Sustainable investment firm Ecofin, in partnership with data and analytics firm ICE Climate Transition Finance (ICE), has developed a proprietary framework to quantify avoided emissions for individual companies within investment portfolios.
Avoided emissions measurement seeks to quantify the carbon impacts of a company's revenue-generating products and services: they are emissions reductions that can occur outside of a product's life cycle or value chain but as a result of the use of that product.
To raise awareness and understanding of the avoided emissions concept, in June 2023, Ecofin and ICE published a whitepaper explaining the concept and detailing a framework to quantify avoided emissions for individual companies within investment portfolios.
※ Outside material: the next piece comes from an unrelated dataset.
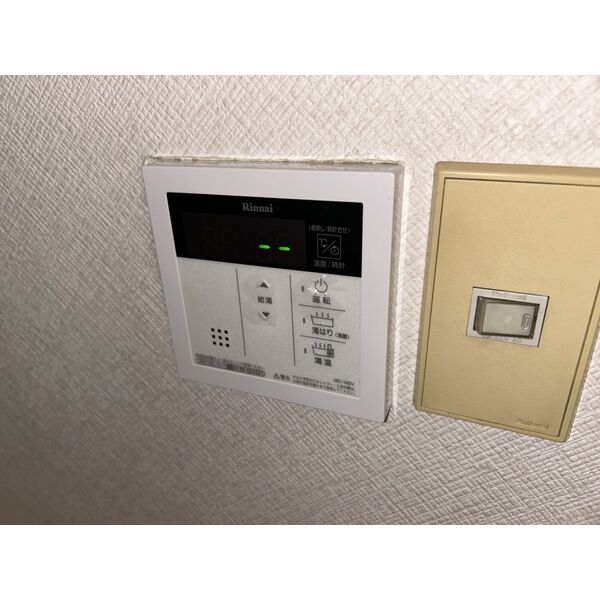 ハイツあこや 室内写真9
The report, which was co-authored by Anny Giavelli, Ecofin's sustainable strategist, states the ability to analyse avoided emissions can be a powerful tool to identify opportunities with a positive impact and quantify the difference such investments can generate in the global transition towards a low carbon economy.
While climate-related policy tends to focus more on reducing emissions and less on the importance of developing innovative low or zero-emissions solutions, the concept of avoided emissions has a significant role to play when it comes to providing investors with a better understanding of the overall effects of decarbonisation, it said.
For instance, considering avoided emissions for an electric vehicle battery company that is adding new production capacity (increasing emissions) while simultaneously helping to offset tailpipe emissions (avoided emissions).
"Avoided emissions can provide more insight to climate analysis, enabling the assessment of the positive impact contribution of individual companies to the transition towards a low-carbon economy, rather than just assessing climate risk," commented Brent Newcomb, Ecofin's president.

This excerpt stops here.